In 2009, the European Commission undertook an impact assessmen to identify the sectors at risk of carbon leakage as a result of to the EU 20% EU GHG emissions reduction target. Carbon leakage is the relocation of production as a result of unilateral climate policy which creates cost differentials in the industrial production process across countries. The ECs impact assessment identifies 164 sectors at risk of carbon leakage. However, research by Climate Strategies and
Cambridge Econometrics suggests that far fewer sectors are at genuine risk. This paper follows this insight and focuses on three sectors widely considered to be at risk of carbon leakage: Iron and Steel, Aluminium, and Cement.

To reduce the risk of carbon leakage, the European Commission has proposed, in Directive 2009/29/EC three measures to address the adverse effects from carbon pricing: free allowances, inclusion of importers into the ETS, and binding sectoral agreements. In this paper we analyse how the inclusion of importers into the ETS would help to offset the impact of increased EU carbon costs.
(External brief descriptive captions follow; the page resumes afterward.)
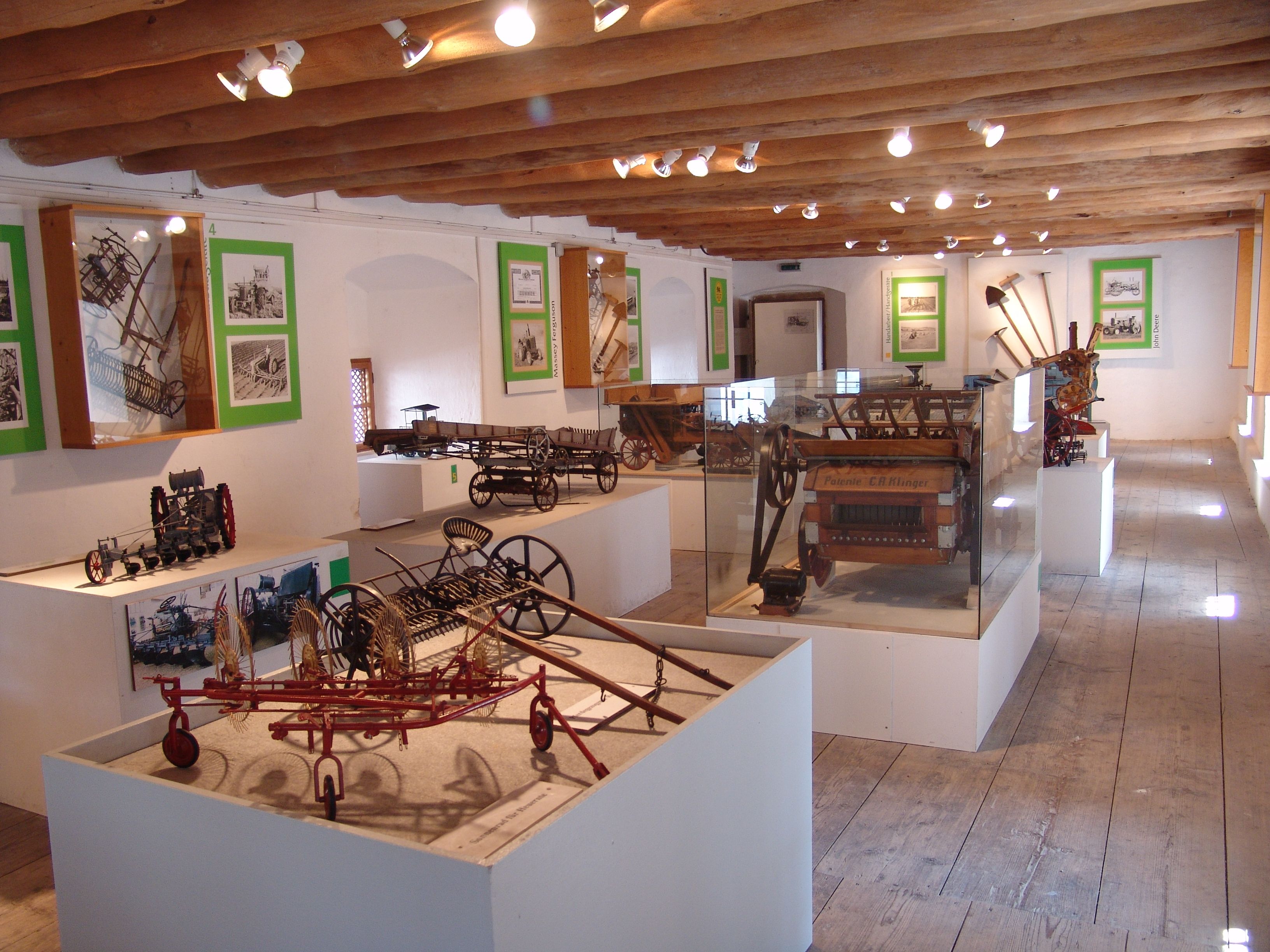 Ausstellung mit landwirtschaftlichen Maschinenmodellen in einem Museum.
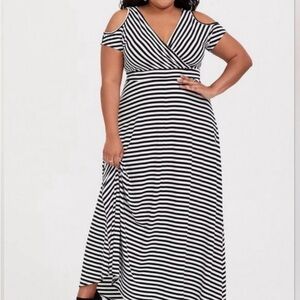 NWT Torrid Black and White Striped Cold Shoulder Maxi Dress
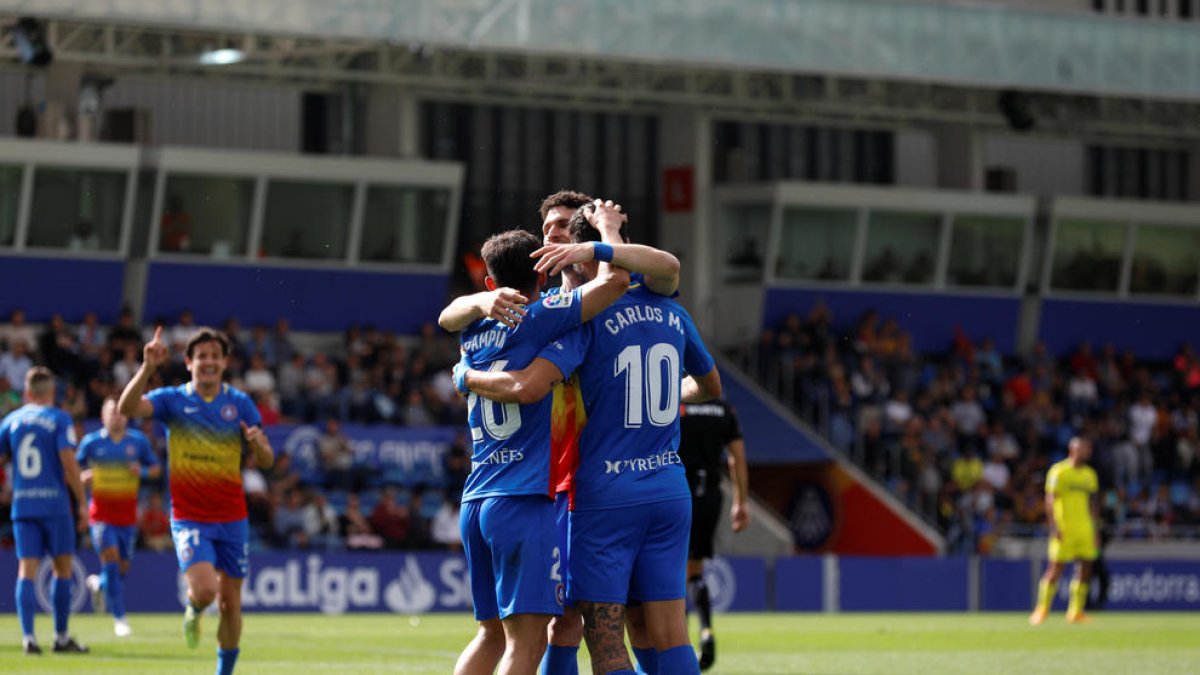 Els jugadors de l'FC Andorra celebren un gol contra el Vila-real B.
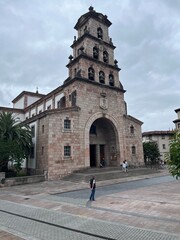 Puente romano, ribera del sella, iglesia y espacios incre&iacute;bles de Cangas de On&iacute;s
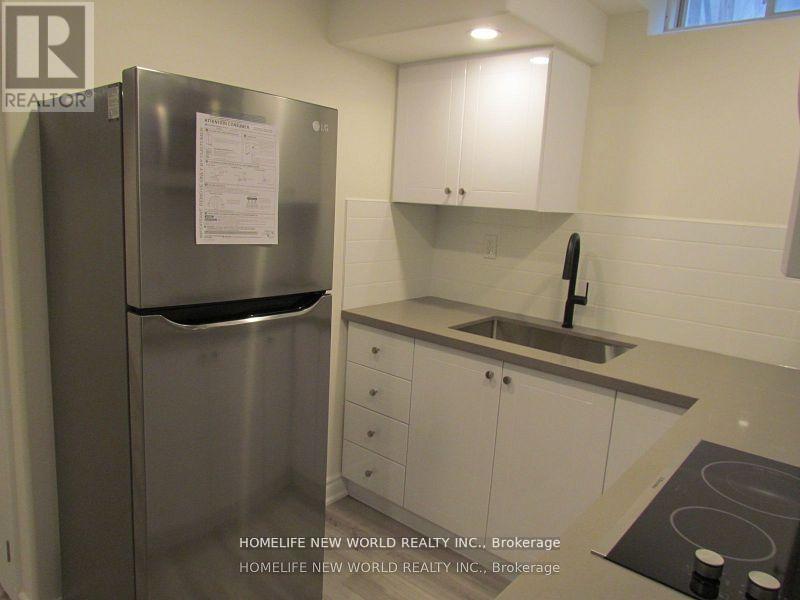 11 Peninsula Crescent, Richmond Hill, ON - Indoor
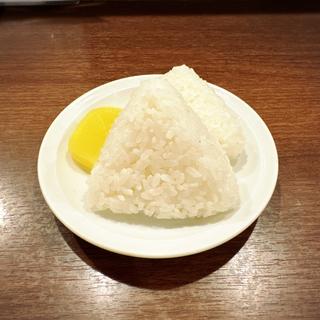 オニギリ1皿（2個）(唐そば)
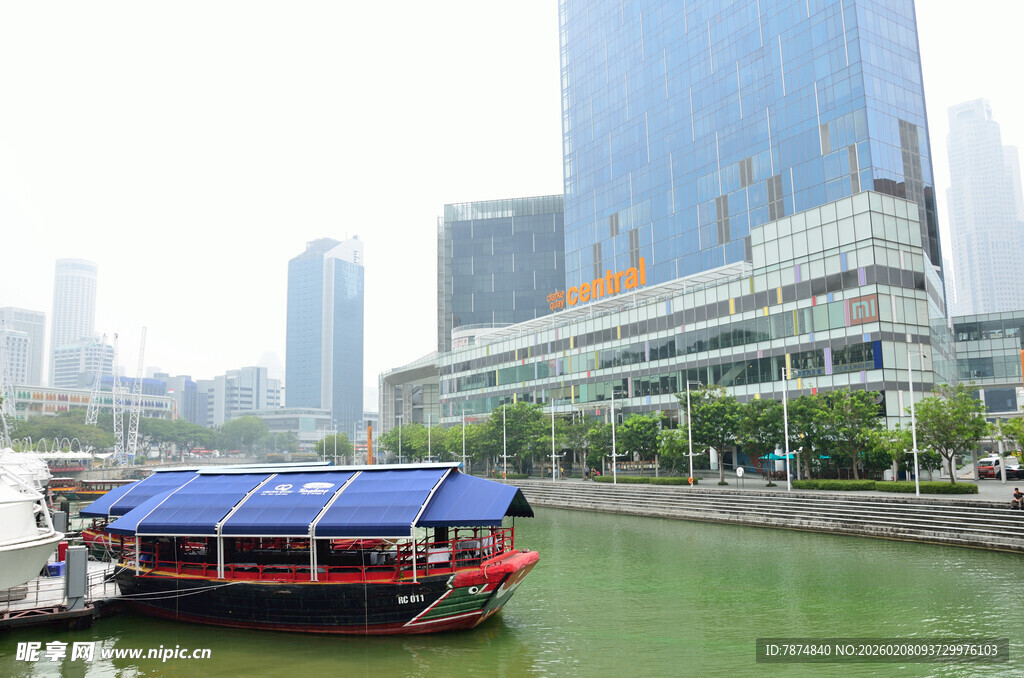 河畔船只与现代建筑景观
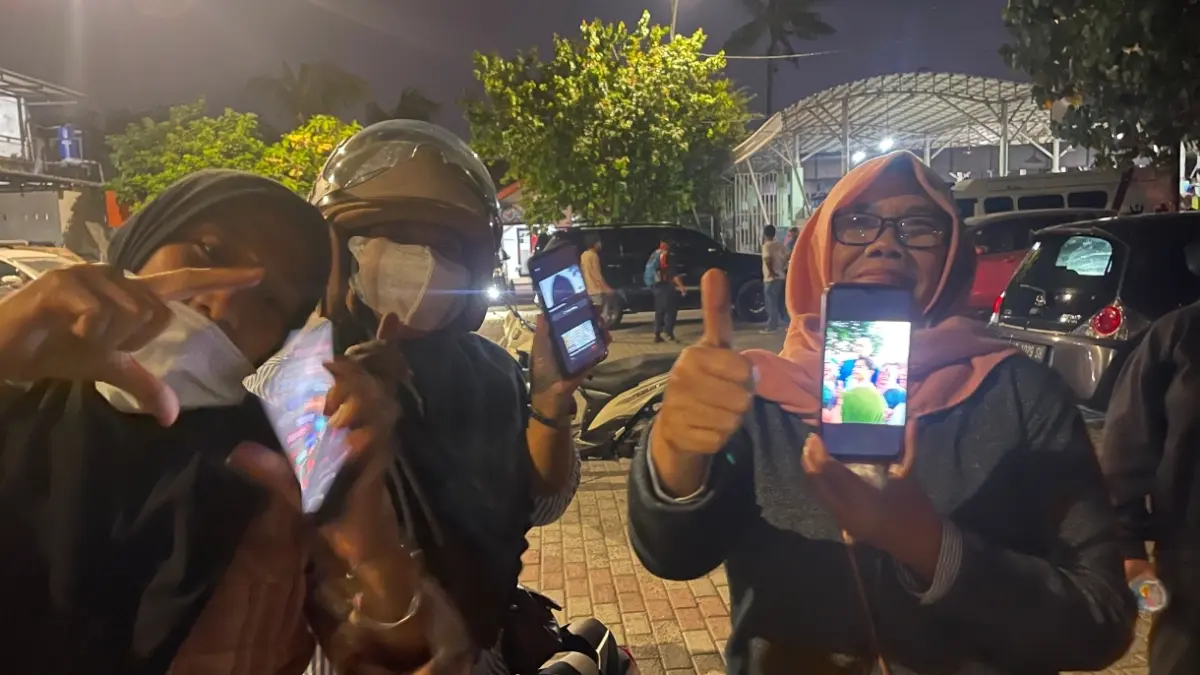 Baiq Leni, Haya, dan Endang pamer foto dan video dengan AHY di Pantai Boom Ampenan. 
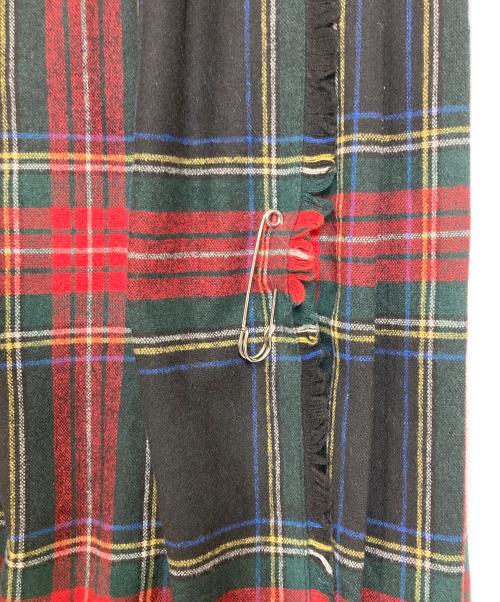 O'NEIL OF DUBLIN（オニールオブダブリン）O'NEIL OF DUBLIN (オニールオブダブリン) 2カラーコンビキルトチェックスカート ブラック×レッド サイズ:36の古着・服飾アイテム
Moreover,
this paper seeks to explore the impacts of a shift to a 30% EU GHG emissions reduction and the subsequent impacts of a border measure for the sectors under the spotlight.

Research questions:

Broadly, this paper addresses three questions:

1) What is the impact on the EU ETS
allowance price of a shift from 20% emissions reduction target to a 30%? We consider two different ETS and non-ETS
splits to reach the 30% emissions reduction target.

2) What impact does this have on carbon
leakage as a result of the relocation of Basic metals and Non-metallic mineral
(as proxies for Aluminium and Iron & Steel, and Cement, respectively) production
to outside of the EU?

3) To what extent is this offset by the implementation
of a border adjustment?

The analysis has been conducted using the E3MG model of the world economy. The data used in the E3MG model is limited to
a NACE 2 digit level of industry detail.